岐阜市の歯医者「りお歯科クリニック」9月の歯科医師ブログです。

スタッフで、毎日3回の歯みがきと、フロスもしていたのに虫歯になった人がいたので、今回は改めて虫歯についてブログにしてみました!
「もう二度とむし歯にならないためのホームケア方法」について、歯科医師の立場から学術的エビデンスを交えながら詳しく解説します。
むし歯は「歯磨き不足」だけでなく、食習慣・フッ素の利用・歯科医院での定期健診など複数の要素が関わります。
正しい知識を持ち、毎日の生活に取り入れることで「むし歯ゼロの未来」を目指すことができます。
最初に書いておきますが、今回力を入れすぎてかなり長文になってしまいました(笑)

むし歯ができるメカニズムと唾液の役割

むし歯は「カイスの輪」と呼ばれる考え方で説明されます。
これは、

  1. 歯の強さや唾液の状態(宿主)
  2. むし歯菌(細菌)
  3. 糖質(特に砂糖)
  4. これらが作用する時間
    の4つが重なったときに発生するというものです。

カイスの輪
たとえば、甘いお菓子をだらだら食べ続けると、菌にエサを与え続けることになり、歯の表面が酸にさらされる時間も長くなります。
逆に、同じお菓子を食べてもすぐに歯を磨いたり、フッ素で歯を強くしたり、唾液をしっかり働かせたりできれば、むし歯になる条件を崩すことができます。
つまり、むし歯は「運命」ではなく、生活習慣で大きくコントロールできる病気なのです。
むし歯は、プラーク(歯垢)に潜む細菌が糖を代謝し、酸を作り出すことから始まります。
酸が歯の表面(エナメル質)を溶かす現象を「脱灰」と呼びます。
一方で、唾液には歯を修復する力があり、カルシウムやリン酸を歯に再び取り込む「再石灰化」が常に起きています。
つまり、むし歯は「脱灰と再石灰化のバランスが崩れたとき」に発生します。

  • 砂糖をだらだら摂取する
  • 酸性飲料を頻繁に飲む
  • 唾液の量が少ない

こうした条件が重なると、再石灰化が追いつかずむし歯が進んでしまうのです。

ホームケアの正しい順番

では、むし歯ができないようにするためには何が必要なのでしょうか?
お気づきかと思いますが、毎日のケアが一番大切です。
そして、ケアには「正しい順番」があります。

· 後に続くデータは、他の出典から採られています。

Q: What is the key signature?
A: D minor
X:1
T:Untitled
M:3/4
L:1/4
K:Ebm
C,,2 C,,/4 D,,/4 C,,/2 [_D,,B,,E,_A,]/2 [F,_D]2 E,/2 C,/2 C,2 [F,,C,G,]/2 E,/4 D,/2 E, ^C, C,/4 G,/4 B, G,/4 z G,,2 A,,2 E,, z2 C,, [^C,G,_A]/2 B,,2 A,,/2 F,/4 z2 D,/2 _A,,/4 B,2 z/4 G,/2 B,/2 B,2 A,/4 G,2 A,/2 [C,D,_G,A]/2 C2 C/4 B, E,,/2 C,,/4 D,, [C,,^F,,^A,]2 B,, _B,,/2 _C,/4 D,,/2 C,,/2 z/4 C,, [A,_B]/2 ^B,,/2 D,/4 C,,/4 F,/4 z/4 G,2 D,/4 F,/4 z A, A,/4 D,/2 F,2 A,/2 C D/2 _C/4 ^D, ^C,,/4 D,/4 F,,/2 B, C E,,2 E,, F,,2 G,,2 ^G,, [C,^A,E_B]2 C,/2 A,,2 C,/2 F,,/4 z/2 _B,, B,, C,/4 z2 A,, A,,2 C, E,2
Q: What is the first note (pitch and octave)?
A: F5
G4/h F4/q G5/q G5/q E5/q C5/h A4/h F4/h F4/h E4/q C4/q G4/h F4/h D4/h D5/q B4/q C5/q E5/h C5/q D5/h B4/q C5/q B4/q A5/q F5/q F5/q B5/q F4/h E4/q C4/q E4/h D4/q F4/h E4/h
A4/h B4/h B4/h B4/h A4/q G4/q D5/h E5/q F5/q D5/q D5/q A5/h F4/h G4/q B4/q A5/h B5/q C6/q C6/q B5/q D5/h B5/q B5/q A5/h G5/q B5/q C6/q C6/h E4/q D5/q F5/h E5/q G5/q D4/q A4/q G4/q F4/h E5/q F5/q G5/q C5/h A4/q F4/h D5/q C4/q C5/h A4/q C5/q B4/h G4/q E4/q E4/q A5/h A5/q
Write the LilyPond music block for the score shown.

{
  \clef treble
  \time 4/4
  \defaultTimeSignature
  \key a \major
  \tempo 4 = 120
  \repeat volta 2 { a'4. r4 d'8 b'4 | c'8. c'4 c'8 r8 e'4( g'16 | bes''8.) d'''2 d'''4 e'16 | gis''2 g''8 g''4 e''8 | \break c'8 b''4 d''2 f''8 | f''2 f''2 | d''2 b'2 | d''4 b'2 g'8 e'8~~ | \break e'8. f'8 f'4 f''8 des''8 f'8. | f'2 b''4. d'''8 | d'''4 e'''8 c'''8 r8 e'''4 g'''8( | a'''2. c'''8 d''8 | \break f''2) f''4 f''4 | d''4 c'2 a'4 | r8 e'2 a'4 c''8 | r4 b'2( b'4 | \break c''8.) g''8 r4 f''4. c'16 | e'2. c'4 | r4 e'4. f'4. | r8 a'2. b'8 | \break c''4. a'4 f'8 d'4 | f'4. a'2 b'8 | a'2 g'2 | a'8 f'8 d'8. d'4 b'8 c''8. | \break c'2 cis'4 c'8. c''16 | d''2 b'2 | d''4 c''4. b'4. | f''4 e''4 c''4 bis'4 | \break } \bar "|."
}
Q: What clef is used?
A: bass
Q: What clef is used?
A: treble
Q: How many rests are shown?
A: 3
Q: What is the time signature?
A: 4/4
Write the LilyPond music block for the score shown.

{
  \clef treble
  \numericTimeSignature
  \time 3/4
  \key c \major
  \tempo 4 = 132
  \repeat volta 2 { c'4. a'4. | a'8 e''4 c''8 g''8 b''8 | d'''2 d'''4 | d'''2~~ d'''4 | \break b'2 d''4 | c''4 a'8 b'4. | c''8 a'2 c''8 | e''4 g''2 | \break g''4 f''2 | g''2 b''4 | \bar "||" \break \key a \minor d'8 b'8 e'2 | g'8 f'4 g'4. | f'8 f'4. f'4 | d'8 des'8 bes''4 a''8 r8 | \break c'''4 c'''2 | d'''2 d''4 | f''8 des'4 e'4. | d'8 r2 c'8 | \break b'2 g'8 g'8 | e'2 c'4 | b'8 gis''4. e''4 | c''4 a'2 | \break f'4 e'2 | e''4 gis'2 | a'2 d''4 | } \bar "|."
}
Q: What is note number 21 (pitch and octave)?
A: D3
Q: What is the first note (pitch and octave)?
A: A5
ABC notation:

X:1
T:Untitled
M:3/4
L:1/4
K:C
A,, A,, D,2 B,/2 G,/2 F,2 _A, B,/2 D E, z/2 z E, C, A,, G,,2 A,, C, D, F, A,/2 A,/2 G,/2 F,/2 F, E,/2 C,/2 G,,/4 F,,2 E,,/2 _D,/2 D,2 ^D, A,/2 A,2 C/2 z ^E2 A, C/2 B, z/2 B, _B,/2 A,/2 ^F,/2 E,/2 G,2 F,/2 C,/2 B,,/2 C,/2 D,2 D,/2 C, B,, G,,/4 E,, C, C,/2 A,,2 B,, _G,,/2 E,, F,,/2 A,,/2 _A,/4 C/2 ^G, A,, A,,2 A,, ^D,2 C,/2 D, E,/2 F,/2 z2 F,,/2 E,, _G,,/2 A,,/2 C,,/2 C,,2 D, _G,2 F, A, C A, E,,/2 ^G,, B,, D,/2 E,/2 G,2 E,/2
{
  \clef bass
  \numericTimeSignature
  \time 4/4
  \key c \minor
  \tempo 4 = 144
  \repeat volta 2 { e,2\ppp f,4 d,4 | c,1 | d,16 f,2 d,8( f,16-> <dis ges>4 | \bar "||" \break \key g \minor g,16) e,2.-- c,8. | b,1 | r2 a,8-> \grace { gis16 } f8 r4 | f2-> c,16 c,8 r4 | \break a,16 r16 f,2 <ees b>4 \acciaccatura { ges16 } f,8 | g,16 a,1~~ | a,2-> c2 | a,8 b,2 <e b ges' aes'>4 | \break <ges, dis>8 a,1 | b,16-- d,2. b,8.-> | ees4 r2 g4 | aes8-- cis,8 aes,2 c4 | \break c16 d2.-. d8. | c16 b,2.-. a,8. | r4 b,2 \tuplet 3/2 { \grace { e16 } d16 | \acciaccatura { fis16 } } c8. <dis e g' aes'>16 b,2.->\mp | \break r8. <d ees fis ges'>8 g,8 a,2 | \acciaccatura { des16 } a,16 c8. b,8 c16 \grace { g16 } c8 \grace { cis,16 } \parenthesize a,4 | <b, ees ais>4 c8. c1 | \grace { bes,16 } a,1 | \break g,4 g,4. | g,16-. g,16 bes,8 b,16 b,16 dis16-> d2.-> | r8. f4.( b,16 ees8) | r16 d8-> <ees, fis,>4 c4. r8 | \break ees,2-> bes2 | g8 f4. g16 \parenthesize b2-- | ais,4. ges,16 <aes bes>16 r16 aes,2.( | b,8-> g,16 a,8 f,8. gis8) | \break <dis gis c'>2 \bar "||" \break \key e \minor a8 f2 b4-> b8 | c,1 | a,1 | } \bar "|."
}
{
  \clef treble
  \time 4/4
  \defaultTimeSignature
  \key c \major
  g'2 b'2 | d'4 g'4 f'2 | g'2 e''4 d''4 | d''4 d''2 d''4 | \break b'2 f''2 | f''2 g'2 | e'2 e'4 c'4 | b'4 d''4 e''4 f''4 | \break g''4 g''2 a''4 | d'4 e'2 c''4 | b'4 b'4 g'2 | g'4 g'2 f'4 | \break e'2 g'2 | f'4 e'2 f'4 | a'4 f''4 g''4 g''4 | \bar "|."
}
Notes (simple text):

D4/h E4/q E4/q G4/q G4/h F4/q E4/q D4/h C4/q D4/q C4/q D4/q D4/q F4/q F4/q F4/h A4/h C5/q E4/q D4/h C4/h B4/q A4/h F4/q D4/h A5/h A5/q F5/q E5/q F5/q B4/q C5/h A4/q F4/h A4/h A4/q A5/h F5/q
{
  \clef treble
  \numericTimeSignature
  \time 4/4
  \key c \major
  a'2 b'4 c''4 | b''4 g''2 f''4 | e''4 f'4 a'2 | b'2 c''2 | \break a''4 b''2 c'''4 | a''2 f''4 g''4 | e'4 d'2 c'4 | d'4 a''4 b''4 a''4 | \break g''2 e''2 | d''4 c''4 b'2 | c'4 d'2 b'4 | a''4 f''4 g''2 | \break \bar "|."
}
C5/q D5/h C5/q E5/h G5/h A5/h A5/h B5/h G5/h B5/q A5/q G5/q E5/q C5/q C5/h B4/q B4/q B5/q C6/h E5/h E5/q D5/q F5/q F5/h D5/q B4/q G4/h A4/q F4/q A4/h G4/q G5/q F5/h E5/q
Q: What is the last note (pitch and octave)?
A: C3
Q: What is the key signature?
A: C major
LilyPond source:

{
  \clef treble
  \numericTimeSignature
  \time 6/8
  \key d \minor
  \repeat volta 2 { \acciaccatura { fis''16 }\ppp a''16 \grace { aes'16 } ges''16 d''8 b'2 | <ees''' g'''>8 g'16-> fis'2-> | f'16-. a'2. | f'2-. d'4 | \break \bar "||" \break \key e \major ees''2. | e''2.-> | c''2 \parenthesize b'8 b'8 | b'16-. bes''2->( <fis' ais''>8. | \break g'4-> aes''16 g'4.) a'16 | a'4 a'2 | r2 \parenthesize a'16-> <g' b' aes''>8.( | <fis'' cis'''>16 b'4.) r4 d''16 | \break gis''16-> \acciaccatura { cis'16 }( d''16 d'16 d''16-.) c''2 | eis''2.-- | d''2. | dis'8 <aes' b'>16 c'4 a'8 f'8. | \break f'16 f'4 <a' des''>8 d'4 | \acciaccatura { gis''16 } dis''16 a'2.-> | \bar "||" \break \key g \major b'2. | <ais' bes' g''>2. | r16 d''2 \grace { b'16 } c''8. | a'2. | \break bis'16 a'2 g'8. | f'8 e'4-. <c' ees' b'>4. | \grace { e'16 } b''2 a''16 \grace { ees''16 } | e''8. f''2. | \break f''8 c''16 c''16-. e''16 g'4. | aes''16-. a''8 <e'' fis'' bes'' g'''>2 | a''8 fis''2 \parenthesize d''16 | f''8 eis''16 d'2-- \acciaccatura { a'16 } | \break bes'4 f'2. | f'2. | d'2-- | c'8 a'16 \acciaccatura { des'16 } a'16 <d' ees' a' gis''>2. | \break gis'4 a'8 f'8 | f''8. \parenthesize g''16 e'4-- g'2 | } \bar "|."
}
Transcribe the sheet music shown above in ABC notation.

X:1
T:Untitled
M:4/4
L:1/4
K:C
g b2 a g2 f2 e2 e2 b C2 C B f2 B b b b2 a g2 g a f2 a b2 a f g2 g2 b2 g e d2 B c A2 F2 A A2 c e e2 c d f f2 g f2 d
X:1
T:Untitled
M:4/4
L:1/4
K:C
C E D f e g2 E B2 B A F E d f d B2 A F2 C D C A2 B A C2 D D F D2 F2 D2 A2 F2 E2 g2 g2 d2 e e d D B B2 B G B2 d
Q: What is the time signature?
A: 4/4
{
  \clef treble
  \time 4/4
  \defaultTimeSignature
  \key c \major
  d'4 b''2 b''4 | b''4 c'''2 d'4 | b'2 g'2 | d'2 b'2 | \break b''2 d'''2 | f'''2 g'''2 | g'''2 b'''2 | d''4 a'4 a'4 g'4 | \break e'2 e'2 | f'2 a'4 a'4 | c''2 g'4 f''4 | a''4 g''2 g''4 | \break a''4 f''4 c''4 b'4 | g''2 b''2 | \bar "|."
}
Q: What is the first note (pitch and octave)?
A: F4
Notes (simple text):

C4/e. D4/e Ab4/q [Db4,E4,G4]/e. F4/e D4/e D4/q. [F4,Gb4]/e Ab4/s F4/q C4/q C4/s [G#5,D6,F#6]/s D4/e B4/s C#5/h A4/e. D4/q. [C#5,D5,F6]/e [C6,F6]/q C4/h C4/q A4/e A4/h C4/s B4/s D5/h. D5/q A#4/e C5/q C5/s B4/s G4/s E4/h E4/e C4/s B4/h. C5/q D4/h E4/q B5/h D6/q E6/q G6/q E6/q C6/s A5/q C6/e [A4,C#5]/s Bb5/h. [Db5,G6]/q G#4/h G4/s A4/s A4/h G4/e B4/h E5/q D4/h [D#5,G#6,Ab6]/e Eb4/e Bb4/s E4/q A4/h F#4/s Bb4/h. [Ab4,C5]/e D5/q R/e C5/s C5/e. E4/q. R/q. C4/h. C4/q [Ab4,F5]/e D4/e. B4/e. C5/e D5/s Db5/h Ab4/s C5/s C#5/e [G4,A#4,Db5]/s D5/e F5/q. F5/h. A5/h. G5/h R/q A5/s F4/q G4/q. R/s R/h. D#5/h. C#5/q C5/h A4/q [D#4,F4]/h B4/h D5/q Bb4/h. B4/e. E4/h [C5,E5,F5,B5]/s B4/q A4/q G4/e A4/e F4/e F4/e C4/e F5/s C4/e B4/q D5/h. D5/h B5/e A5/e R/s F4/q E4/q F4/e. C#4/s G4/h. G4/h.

ここでは歯科医師としておすすめするホームケアの流れをご紹介します。

1.キシリトールを活用

キシリトールガムやタブレットを活用しましょう。
キシリトールは砂糖の代わりになる甘味料ですが、むし歯菌はこれを利用できず、酸を作れません。
さらに、噛むことで唾液分泌が促進されるため、再石灰化が進みやすくなります。
食後に5分以上ガムを噛むと効果的と言われていますが、注意点としては「キシリトール100%」の製品を選ぶことが大切です。
子どもから高齢者まで安全に使えるのもメリットです。

2.デンタルフロス・歯間ブラシで歯と歯の間を清掃

歯ブラシだけでは、実は全体の約60%程度の歯垢しか取り除けないと報告されています。
特に歯と歯の間(隣接面)は歯ブラシの毛先が届きにくく、むし歯や歯周病のリスクが高い場所です。
そのため、歯ブラシの前にフロスを使うのがおすすめです。
先に歯間をきれいにしておくと、その後のブラッシングでフッ素入り歯磨剤が歯と歯の間まで届きやすくなります。
奥歯は特にむし歯になりやすいので、フロスを「のこぎりのように前後に動かしながら」優しく挿入しましょう。
歯周ポケットが深い人や歯と歯の隙間が広い人は、歯間ブラシを併用すると効果的です。

3.フッ素入り歯磨剤でブラッシング

次に、フッ素入り歯磨剤(成人ならフッ素濃度1450ppm)を使って丁寧にブラッシングします。
フッ素は歯の再石灰化を促進し、むし歯菌が作る酸に強い歯を作ってくれるため、現代の予防歯科には欠かせません。
ブラッシング方法としては、歯と歯ぐきの境目に歯ブラシを45度の角度で当て、小刻みに動かす「バス法」がおすすめです。
歯垢は「面」ではなく「境目」にたまりやすいからです。
1本1本の歯を意識して動かすと、磨き残しが減ります。
特に就寝前は唾液が減るため、丁寧に磨くことが重要です。

4.フッ素を口に残す

歯磨きの後に強いうがいをしてしまうと、せっかくのフッ素が流れ落ちてしまいます。
そのため、「うがいはコップ半分の水で1回だけ」がおすすめです。
これは「スウェーデンスタイル」とも呼ばれる方法で、世界的にエビデンスのあるむし歯予防法です。
※驚く事にうがいせずに泡を吐き出すだけという方法もあるそうです!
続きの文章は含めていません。